Jesse Jackson’s campaign in Española, New Mexico, in 1988. Photo courtesy of Carol Miller.

Jesse Jackson’s two runs, in 1984 and 1988, were the last Democratic presidential campaigns I had any interest in joining. Those campaigns, which, among other things, warned about the coming neoliberal takeover of the Democratic Party, spawned dozens of great activists, including my late buddy Kevin Alexander Gray, who would later play vital roles in the movements that followed Jackson’s political campaign: anti-World Bank and WTO protests, the Nader campaigns, the Occupy Movement, the Sanders campaign, BLM, and the migrant rights movement.

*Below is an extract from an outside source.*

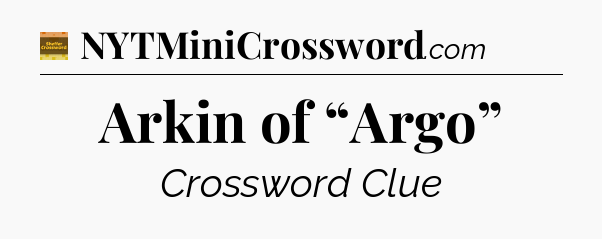 Arkin of “Argo” - Eugene Sheffer Crossword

The Democratic Party, in league with the Israel lobby, deployed every trick in the book, and some found only the apocrypha, to not only destroy his campaigns but to try to destroy Jackson both as a force in the Party and personally. (RFK and J. Edgar Hoover conspired to do the same with MLK.) Yet, even with the entire party apparatus working viciously against him, Jesse still crushed party stalwarts Joe Biden, Al Gore and Dick Gephardt. His ultimate loss to Michael Dukakis was preordained.

To watch Jesse Jackson speak in 1984 was to be struck, and often mesmerized, by a voice few Americans had heard before: the fluid, rolling cadences, the urgent tone, the piercing anecdotes, a voice that didn’t shout but summoned, that didn’t sermonize but called for action. His speeches gave voice to the voiceless, to the destitute, the abandoned and stigmatized, the oppressed and the imprisoned.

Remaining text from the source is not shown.